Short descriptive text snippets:
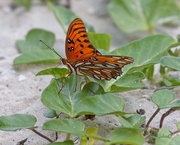 24th Sep 2023 - LHG_9952Gulf Fritillary at perdido pass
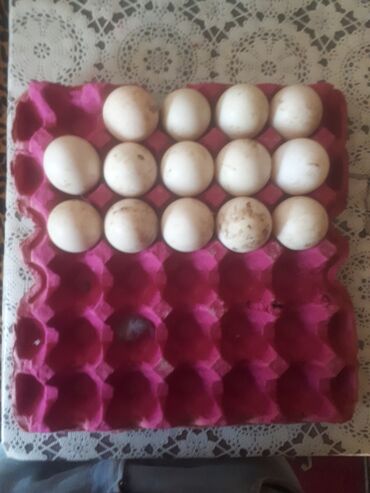 toyuq cucə: Pekin ördək yumurtası neçə yuz ədəd isdəsəz sifariş verə bilərsiz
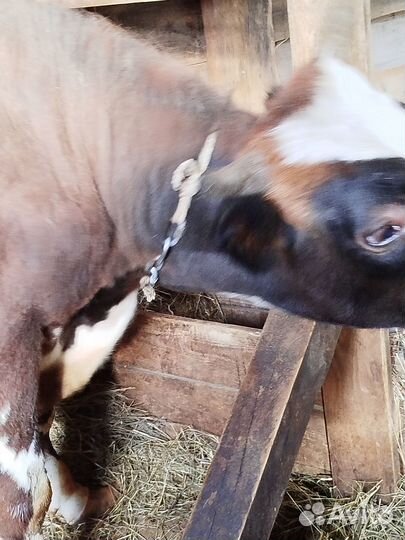 Продаётся бык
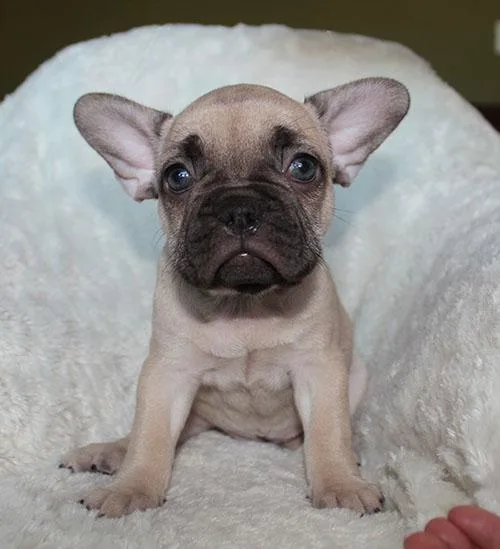 AKC LilacSable French Bulldog Puppy Girl (Gaby)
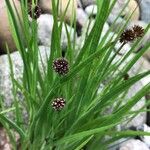 Juncus ensifolius 花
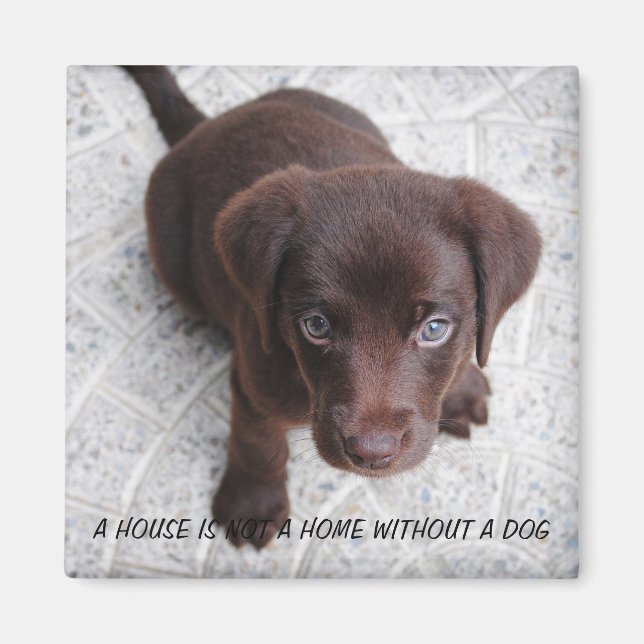 Puppy-citat Magnet (Framsidan)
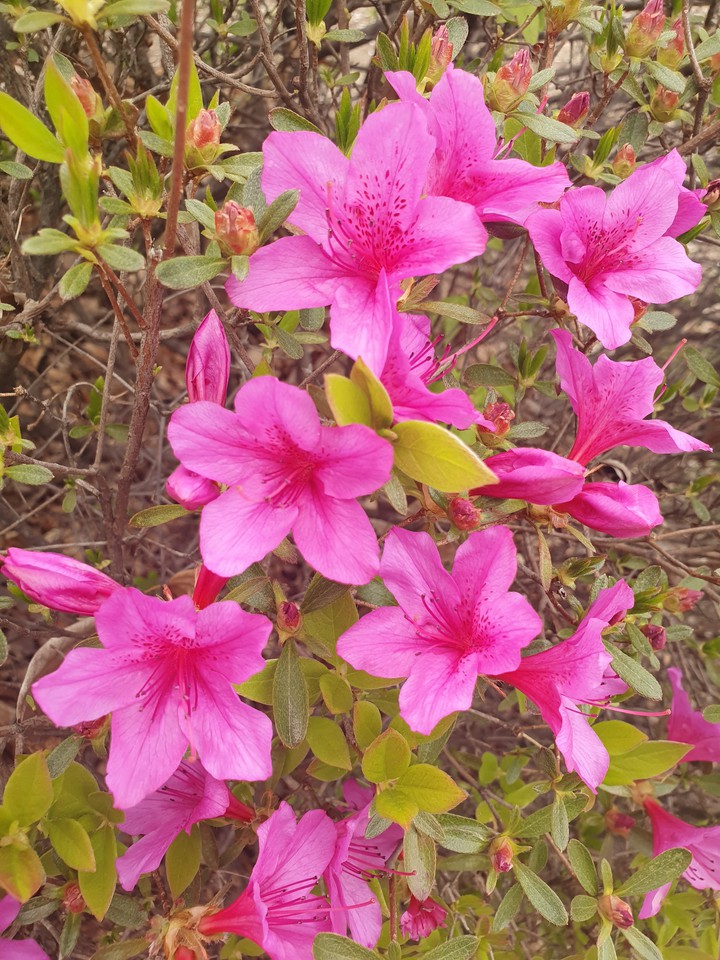 철쭉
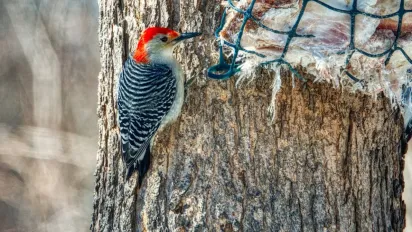 Україну накрив антициклон: що буде з погодою 3 грудня - фото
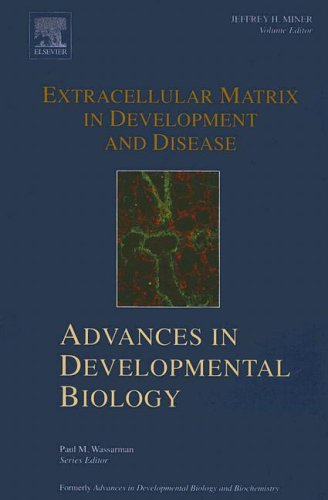 Extracellular Matrix In Development And Disease 1st Edition Jeffrey H Miner Eds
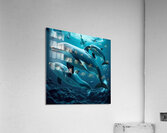 dolphins Acrylic Print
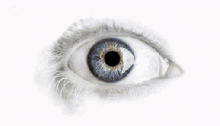 Eye Animation GIF - Eye Animation Amazing GIFs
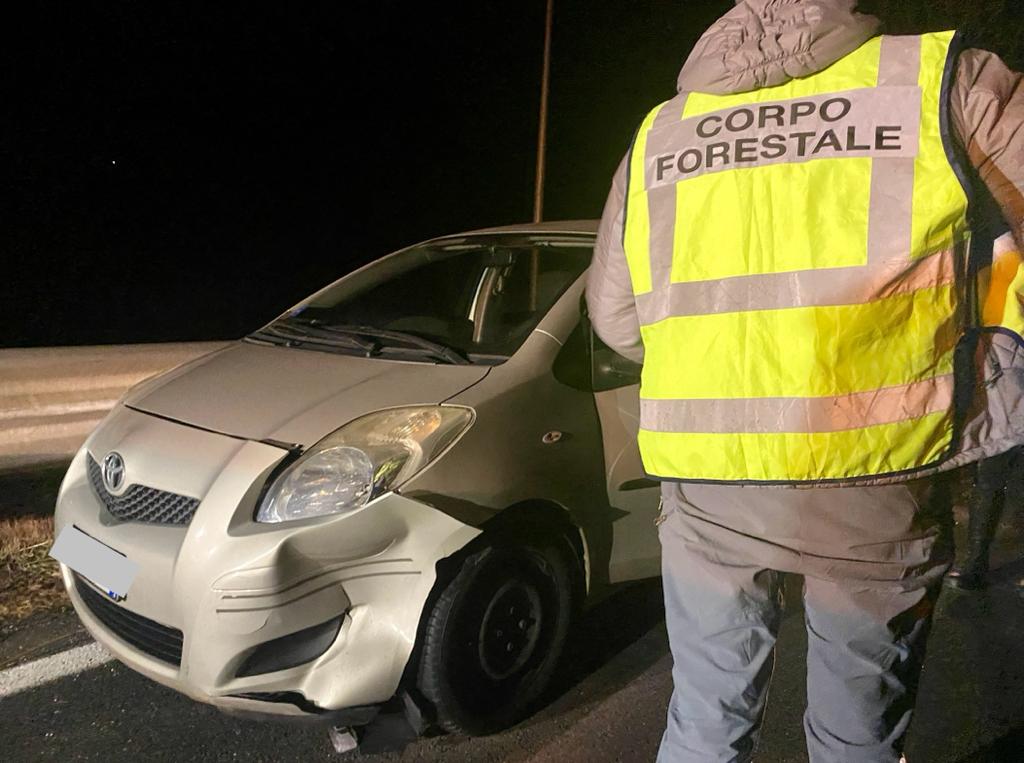 Verrayes: incidente notturno con un cinghiale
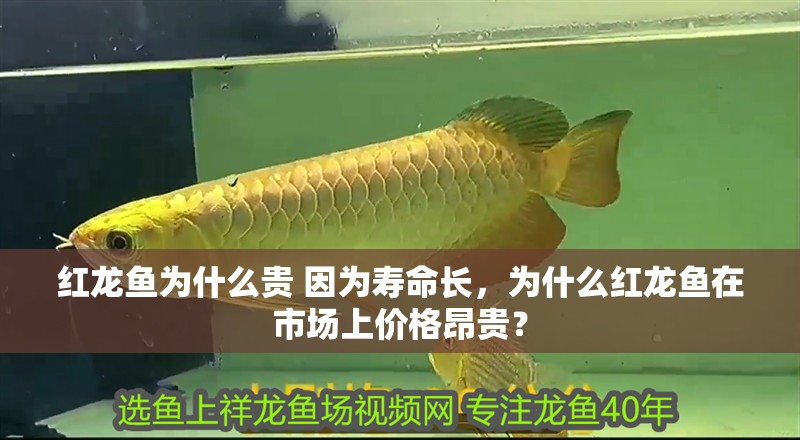 紅龍魚為什么貴 因為壽命長，為什么紅龍魚在市場上價格昂貴？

- TASK TO CARRY OUT -
What is needed is a word-for-word copy of the records above, excluding pictures.

- ANSWER TO THE EXERCISE -
 24th Sep 2023 - LHG_9952Gulf Fritillary at perdido pass
 toyuq cucə: Pekin ördək yumurtası neçə yuz ədəd isdəsəz sifariş verə bilərsiz
 Продаётся бык
 AKC LilacSable French Bulldog Puppy Girl (Gaby)
 Juncus ensifolius 花
 Puppy-citat Magnet (Framsidan)
 철쭉
 Україну накрив антициклон: що буде з погодою 3 грудня - фото
 Extracellular Matrix In Development And Disease 1st Edition Jeffrey H Miner Eds
 dolphins Acrylic Print
 Eye Animation GIF - Eye Animation Amazing GIFs
 Verrayes: incidente notturno con un cinghiale
 紅龍魚為什么貴 因為壽命長，為什么紅龍魚在市場上價格昂貴？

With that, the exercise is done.